L'Explication Prémisse
Cet article dit qu’une personne qui doit de l’argent (le débiteur) peut être libérée de sa dette en payant non pas forcément le créancier d’origine, mais l’acheteur de la créance (le cessionnaire) : il suffit de rembourser au cessionnaire le prix réel qu’il a payé pour racheter la créance, ainsi que les frais et coûts raisonnables qu’il a engagés, et d’ajouter les intérêts courus à partir du jour où le cessionnaire a effectivement payé ce prix. En contrepartie, le cessionnaire doit remettre une quittance qui libère le débiteur.

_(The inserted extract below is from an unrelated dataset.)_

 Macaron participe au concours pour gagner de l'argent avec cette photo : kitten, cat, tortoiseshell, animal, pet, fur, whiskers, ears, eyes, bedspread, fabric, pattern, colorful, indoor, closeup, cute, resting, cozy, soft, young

Exemple concret : Pauline devait 1 000 € à Bernard. Bernard vend sa créance à Claire qui paie 800 € pour l’achat. Si Pauline veut être quittée, elle peut payer 800 € à Claire (plus les frais raisonnables et les intérêts depuis la date où Claire a payé Bernard). Une fois ce remboursement effectué et matérialisé par une quittance de Claire, Pauline n’a plus d’obligation envers la dette vendue.
- Le débiteur peut être libéré en payant le cessionnaire (l’acheteur de la créance).
- Il faut rembourser le « prix réel de la cession » (la somme que le cessionnaire a effectivement payée pour racheter la créance).
- S’y ajoutent les « frais et loyaux coûts » : frais raisonnables engagés par le cessionnaire liés à l’opération.
- Des intérêts sont dus à compter du jour où le cessionnaire a payé le prix de la cession.
- La remise d’une quittance par le cessionnaire est nécessaire pour prouver la libération du débiteur et éviter la double imputation.
- Il est prudent pour le débiteur de vérifier le montant réel payé par le cessionnaire et d’exiger une preuve avant de payer, afin de ne pas payer indûment.